The recent budget has lot of goodies for tax paying individuals in the form of reduced income tax payouts through enlarged tax slabs. The new tax slabs are as follows:
Up to Rs150, 000 - NIL
150,000 to 300,000 - 10%
300,000 to 500,000 - 20%
Above 500,000 - 30%
The surcharge and education cess at 10% and 3% remains unaltered.
Due to the expanded income range for all the tax rates, there is a significant savings to individuals in the form of reduced taxes. Let’s assume, a person earning Rs600, 000 per annum, would be able to enjoy lower taxes to the extent of around Rs48, 000 p.a, which translates into Rs4, 000 per month. This is a real bonus! Now the question that comes up is how to utilize the same by prudently investing it in wealth generation avenues.
We think the surplus funds need to deployed in the following areas (depending on the individual’s situation a specific area takes priority)
Repayment of credit card outstanding:
For those who have outstanding credit card dues, it is better that you start re-paying it. Credit card dues have interest rates in excess of 30% p.a and cutting them should be the first priority.
Health Insurance:
It is vital to look at the Health Insurance coverage for self and families. In our opinion, medical costs can create big erosion in wealth in case of unfortunate major medical conditions. We strongly urge people to opt for a Health Insurance Floater policy for the family.
There is an additional deduction that has been announced in the budget with regard to the payment of health insurance premium for parents under sec 80 D up to Rs15, 000/- p.a. Further, the government has proposed that if either of such individual tax payer's parents is a senior citizen, the deduction would be allowed up to Rs 20,000. Please note that this is in addition to the already existing deduction of Rs15, 000 available for health insurance premiums.
Increasing the retirement nest egg:
The savings generated out of tax cuts should be canalized for increasing the retirement nest egg. If you don’t have a pension from your employer, which is mostly the case nowadays, we strongly urge you to start a pension plan with Insurance companies to create a retirement corpus. In case of retirement plans, we suggest that you go for pure pension plans instead of bundled products like pension plan with life insurance cover.

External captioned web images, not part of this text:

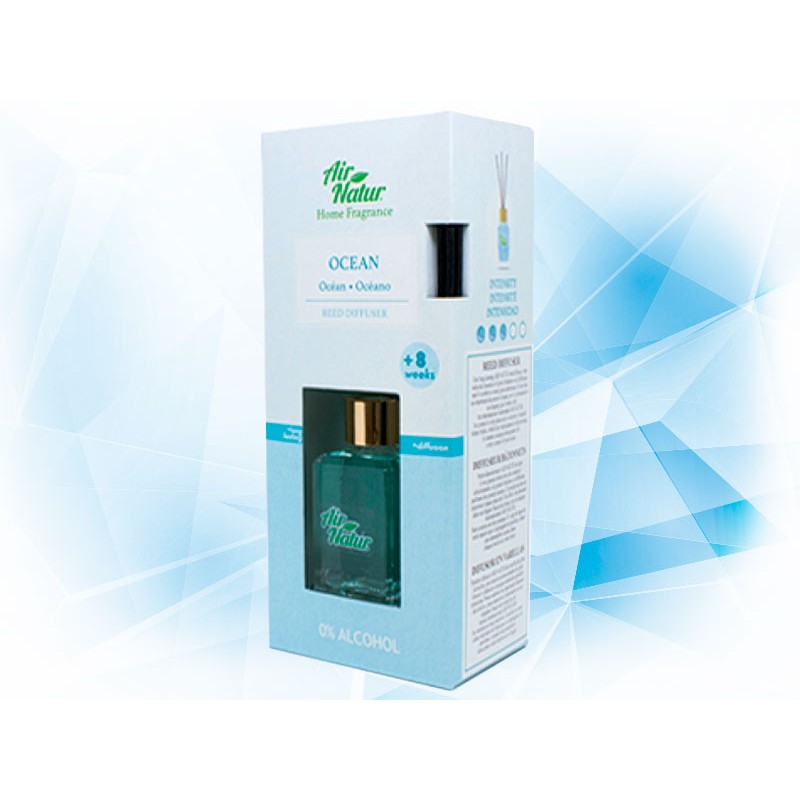 AROMATIZANTE AIR NATUR HOME DIFUSOR EN VARILLAS 30 ML AROMA OCEAN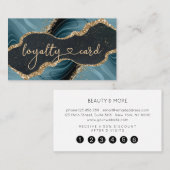 Loyalty Marble Glitzer Card 5 Salon Visitenkarte (Vorne/Hinten)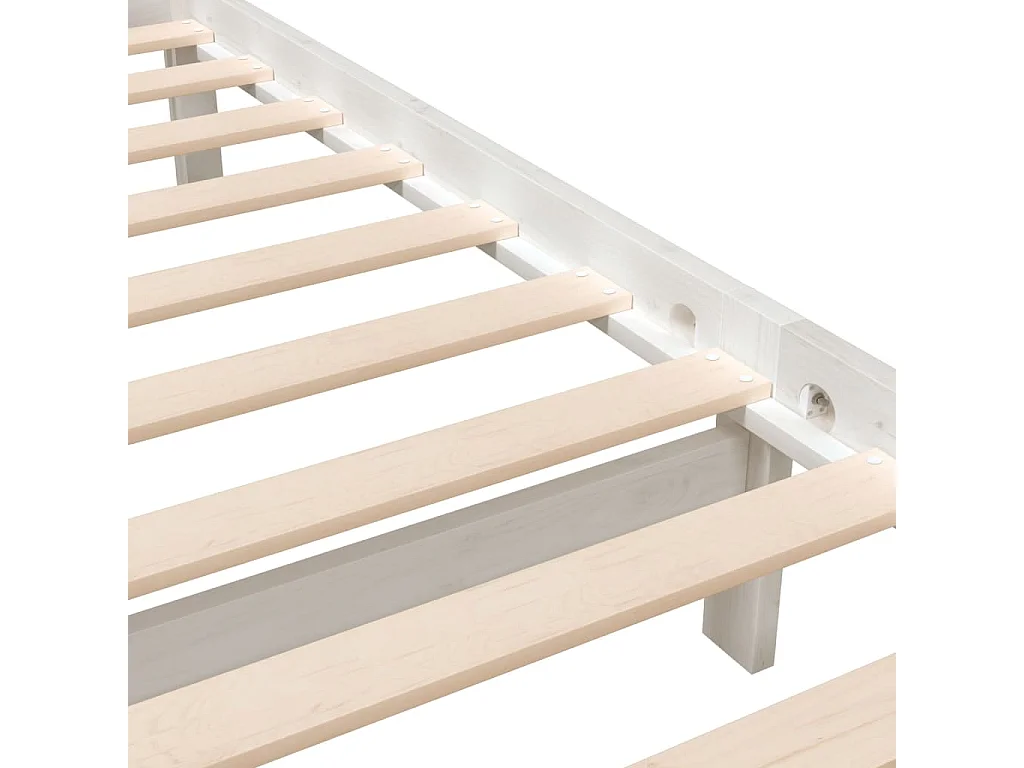 Lit Blanc Bois massif 120x190 Petit Double 4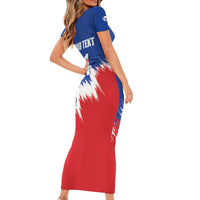 Custom USA Soccer Family Matching Short Sleeve Bodycon Dress and Hawaiian Shirt Always Possible Todo Es Posible - Wonder Print Shop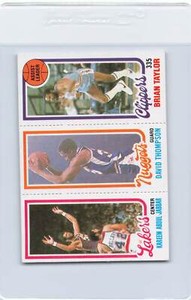 1980/81 Topps #135 Abdul-Jabbar/79 Thompson/216 Taylor NM *DA-B4165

Increase your EMI's on housing loans:
If you are having sufficient leeway in your housing loan repayment, then you can also look at the possibility of increasing the monthly EMI's on your housing loan. It can help you to get higher tax deduction on principal repayment as well as help to reduce the loan amount/tenure as well as enhanced tax deductions on interest payments.
Planning for children’s future:
Children education and marriage related expenditure is known expenditure in the long run. Increasing contributions to the savings for these goals will help.
Contribute to charity:
It is a good idea to contribute 10% of your tax breaks to eligible charity. It helps us to contribute something back to the society and at the same time provides you further tax benefits in the form of deductions u/s 80G of the Income Tax Act.